> _Exercise data_:
======

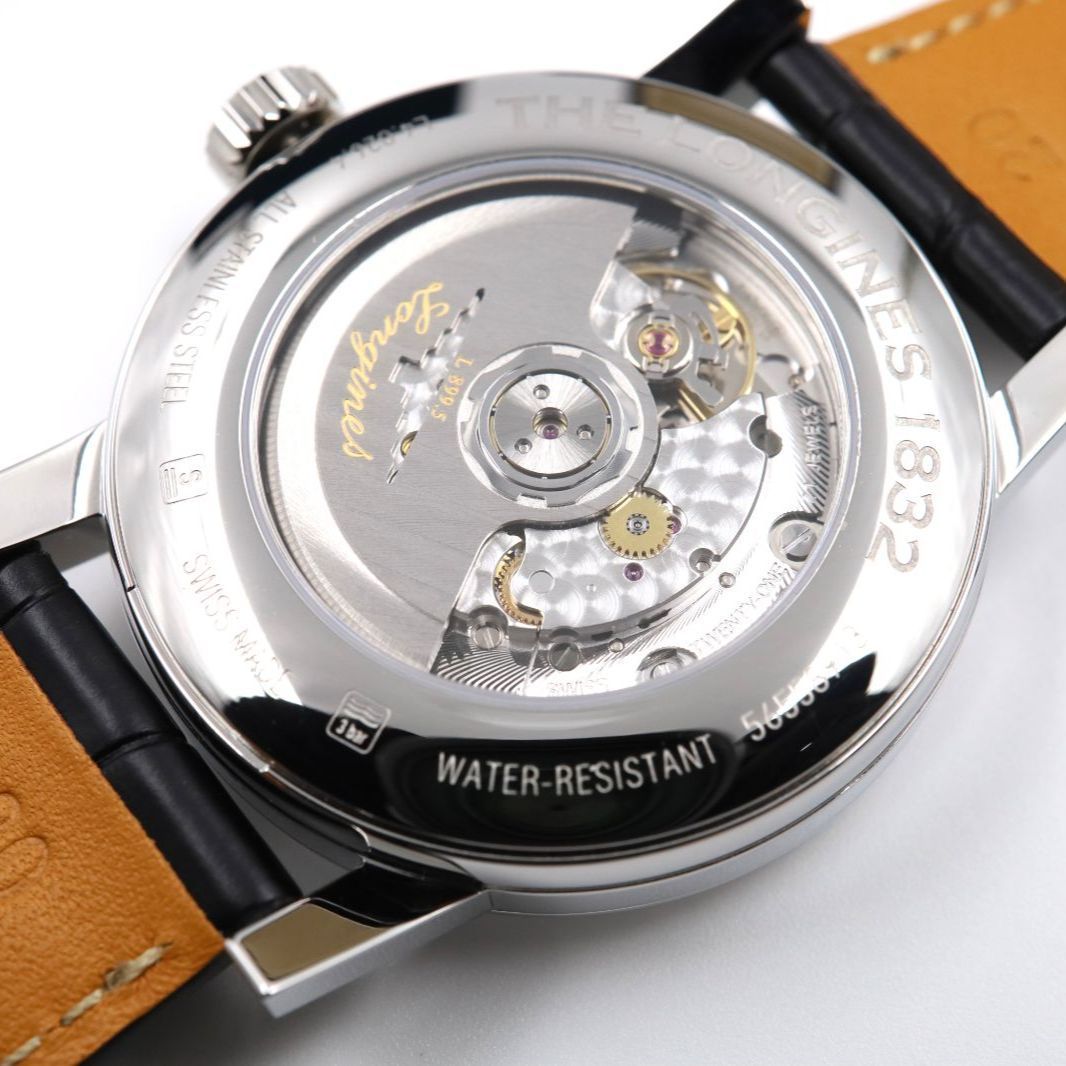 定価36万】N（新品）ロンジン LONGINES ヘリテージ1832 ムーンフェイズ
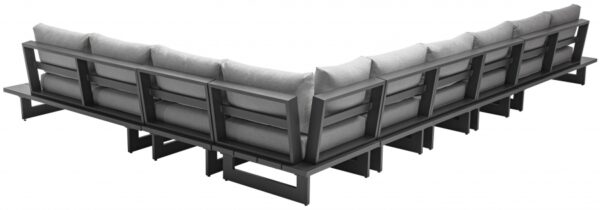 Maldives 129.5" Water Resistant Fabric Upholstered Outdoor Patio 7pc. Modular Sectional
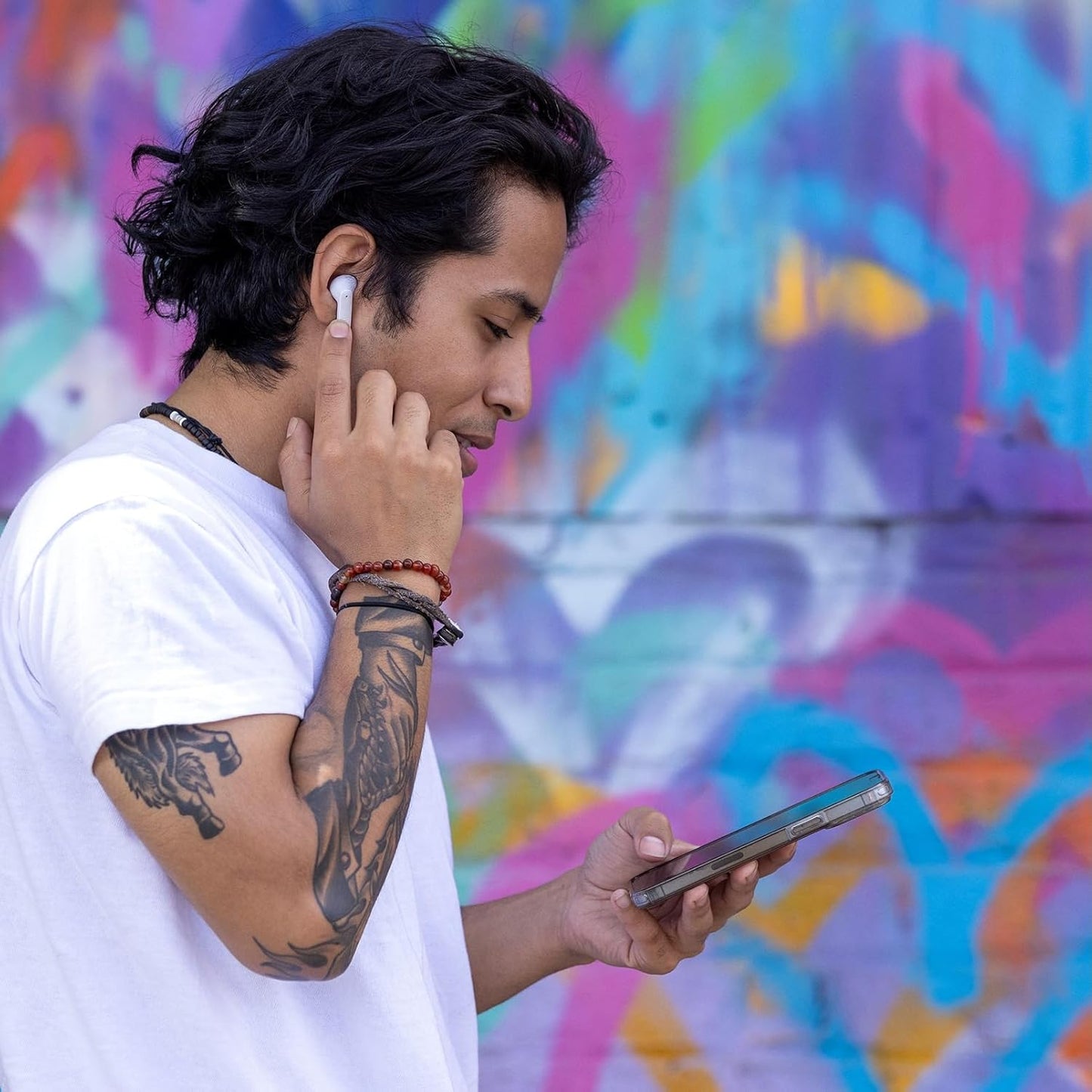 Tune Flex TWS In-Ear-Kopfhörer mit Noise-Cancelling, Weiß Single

======

> _Exercise objective_:
The data above must be given back verbatim, minus its images.

> _Task response_:
 定価36万】N（新品）ロンジン LONGINES ヘリテージ1832 ムーンフェイズ
 Maldives 129.5" Water Resistant Fabric Upholstered Outdoor Patio 7pc. Modular Sectional
 Tune Flex TWS In-Ear-Kopfhörer mit Noise-Cancelling, Weiß Single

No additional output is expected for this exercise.